Your assignment. In the records below, repeat exactly the lines between the line holding "2 restaurants; breakfast" and the line holding "Įkaitų drama Bangladeše: visi", inclusive, and drop the pictures.
————
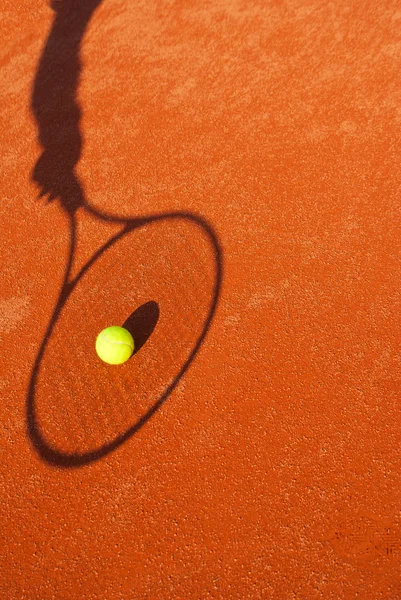 Тенісний м'яч і ракетка — стокове фото
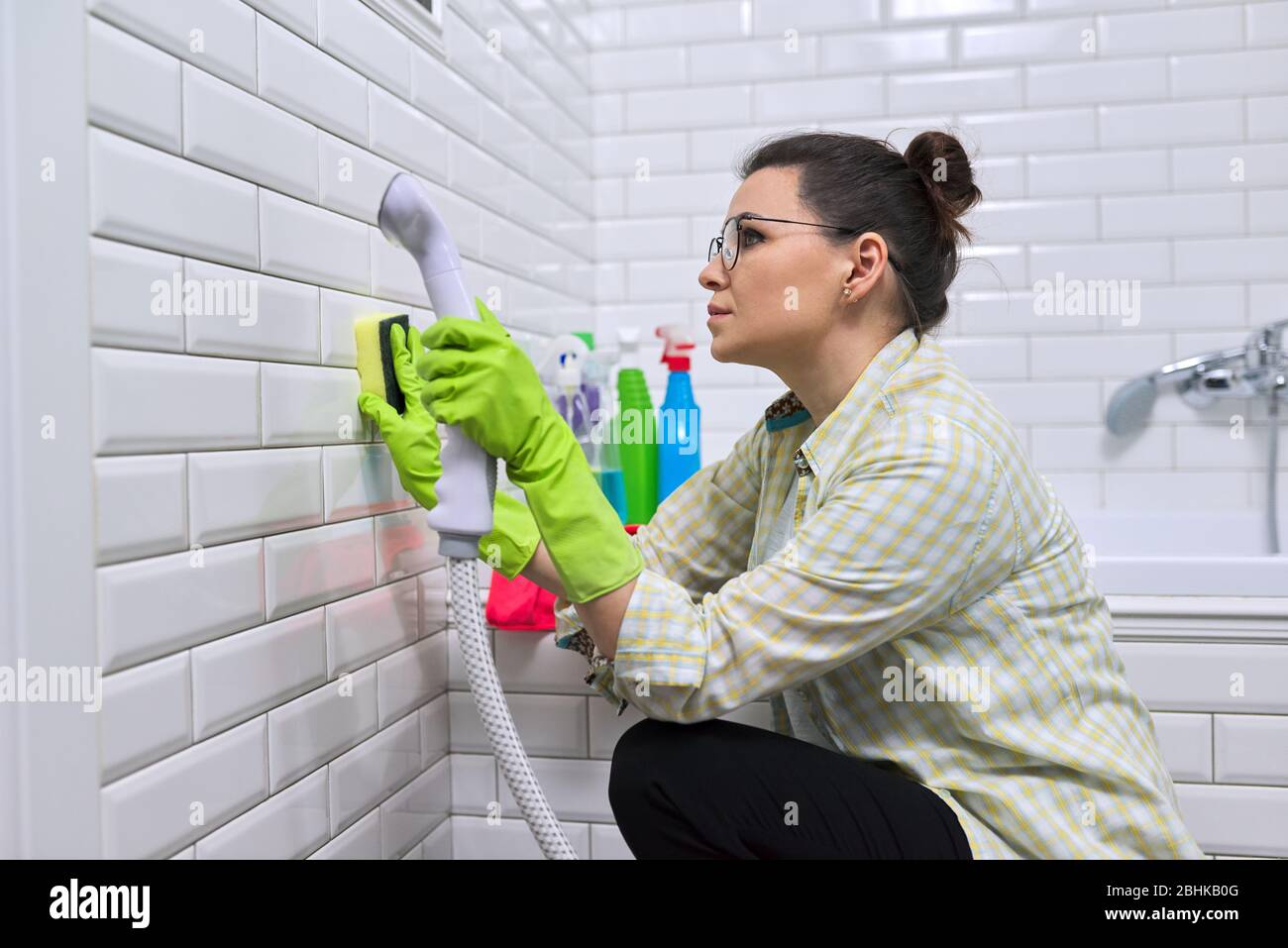 Mujer haciendo limpieza del baño en casa, mujer lavando la pared de  azulejos con vapor. Uso del limpiador a vapor para una limpieza rápida  Fotografía de stock - Alamy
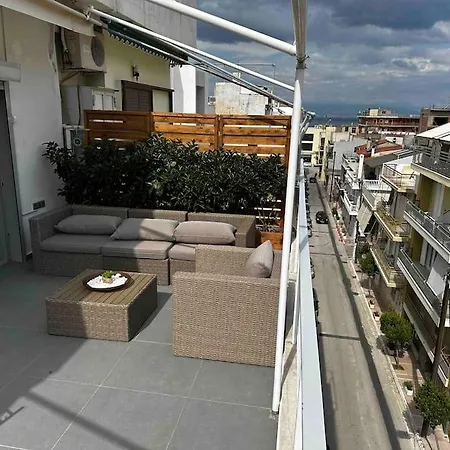 Luxurious Penthouse With Majestic Balcony. Λουτράκι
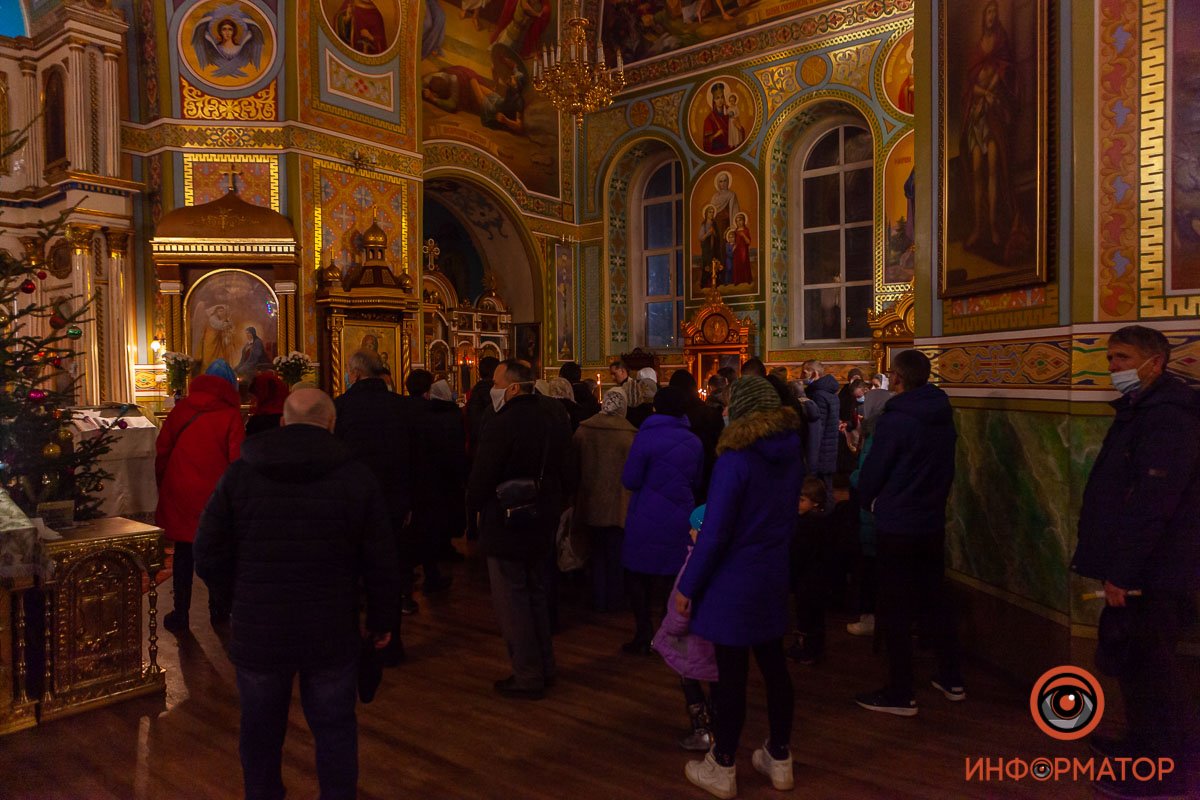 Почти все были в масках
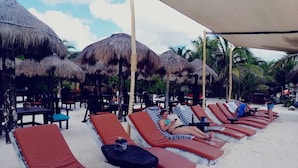 2 restaurants; breakfast and lunch served  - Pancho villa Tulum (Tulum)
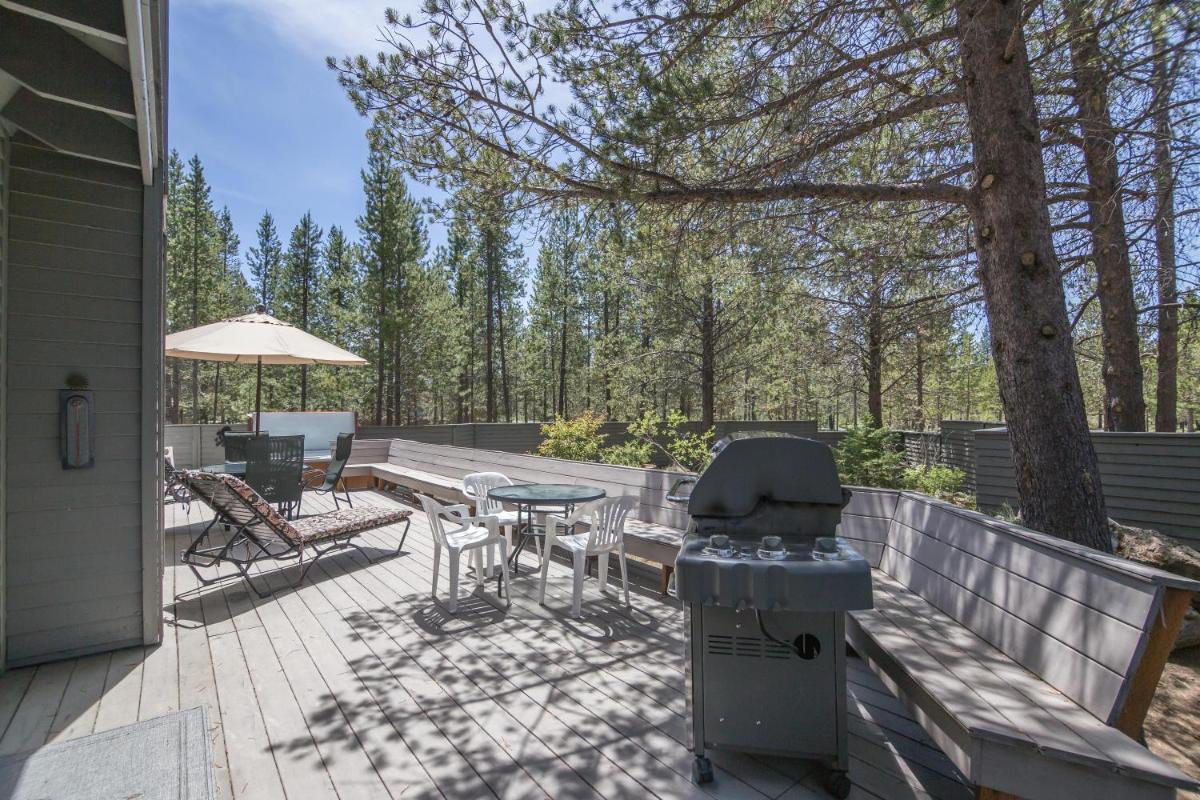 McKenzie 4-The two-level 1,868-sq-ft residence is a movie lover's dream come true. There are four TVs, four VCRs, and three DVD players. This amenity filled vacation home can accommodate up to 10 guests. - Housity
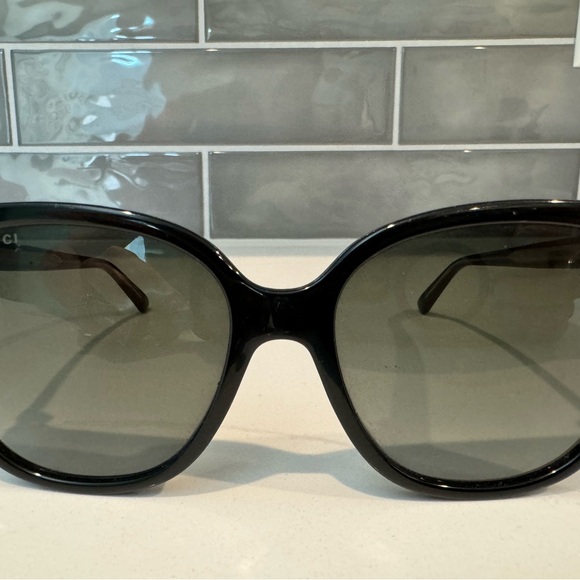 Authentic Gucci sunglasses. - Picture 4 of 6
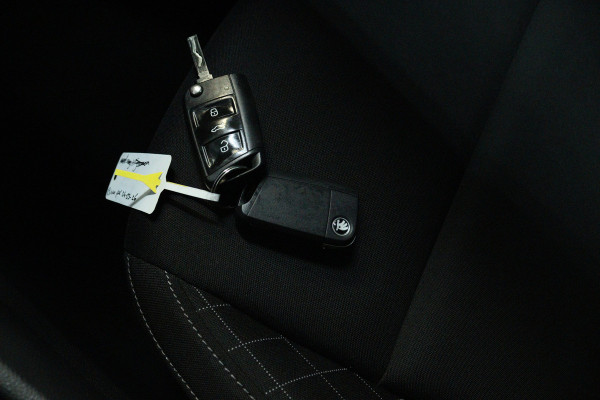 Škoda Karoq 1.5 TSI ACT Style (TREKHAAK, CAMERA, NAVIGATIE CARPLAY, CRUISE CONTROL, PARKEERSENSOREN)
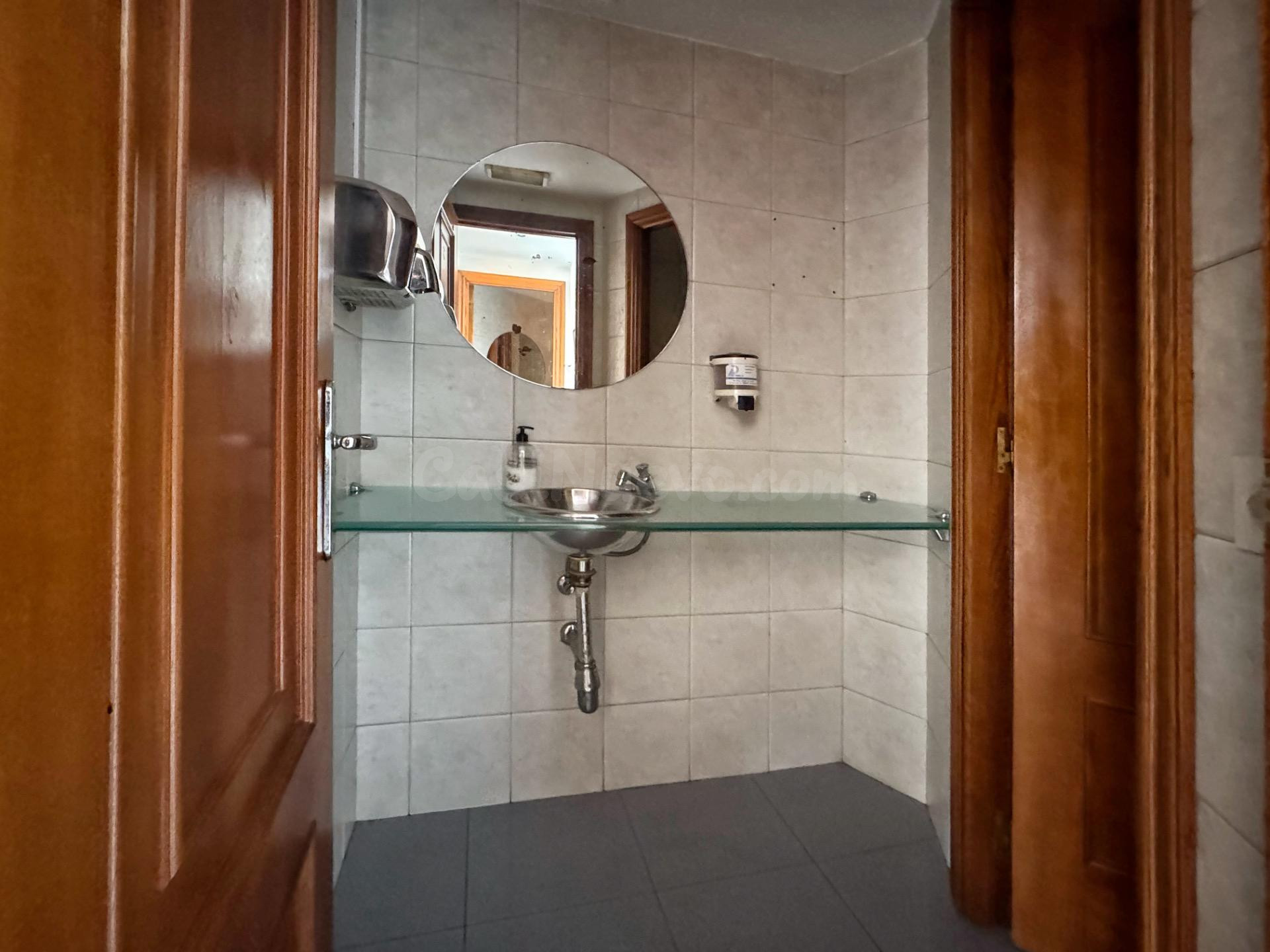 Ubicación estratégica, máxima visibilidad en esquina y el es - foto 3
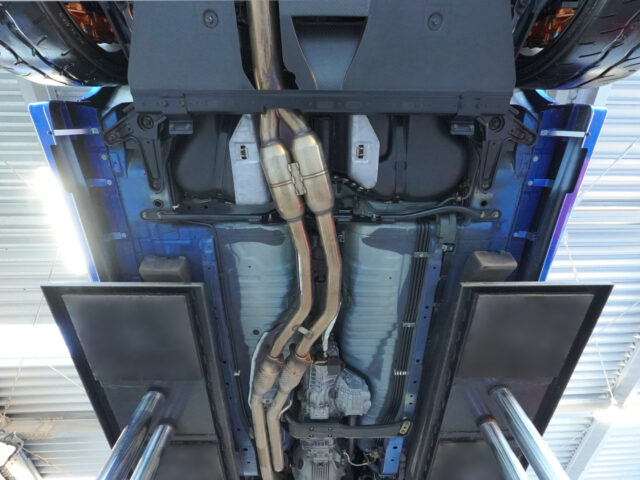 スカイライン　GT-R　VスペックⅡNur　ベイサイドブルー　BNR34-402921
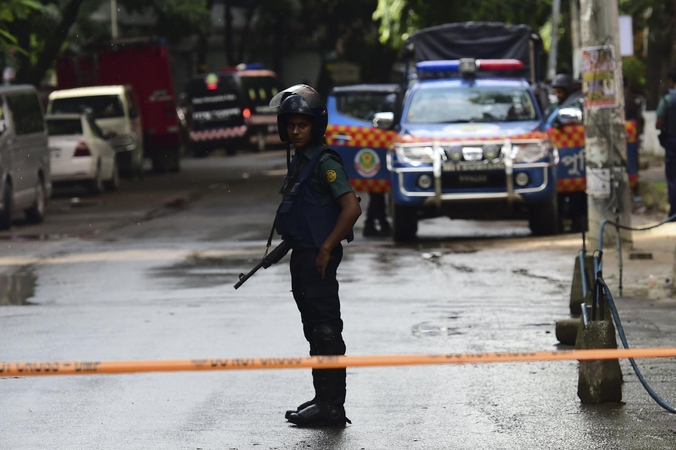 Įkaitų drama Bangladeše: visi nužudytieji – užsieniečiai
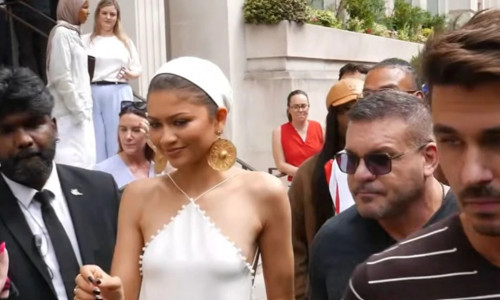 Zendaya'nın kırmızı halıda taktığı küpeler ortalığı karıştırdı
————
Result below.
 2 restaurants; breakfast and lunch served  - Pancho villa Tulum (Tulum)
 McKenzie 4-The two-level 1,868-sq-ft residence is a movie lover's dream come true. There are four TVs, four VCRs, and three DVD players. This amenity filled vacation home can accommodate up to 10 guests. - Housity
 Authentic Gucci sunglasses. - Picture 4 of 6
 Škoda Karoq 1.5 TSI ACT Style (TREKHAAK, CAMERA, NAVIGATIE CARPLAY, CRUISE CONTROL, PARKEERSENSOREN)
 Ubicación estratégica, máxima visibilidad en esquina y el es - foto 3
 スカイライン　GT-R　VスペックⅡNur　ベイサイドブルー　BNR34-402921
 Įkaitų drama Bangladeše: visi nužudytieji – užsieniečiai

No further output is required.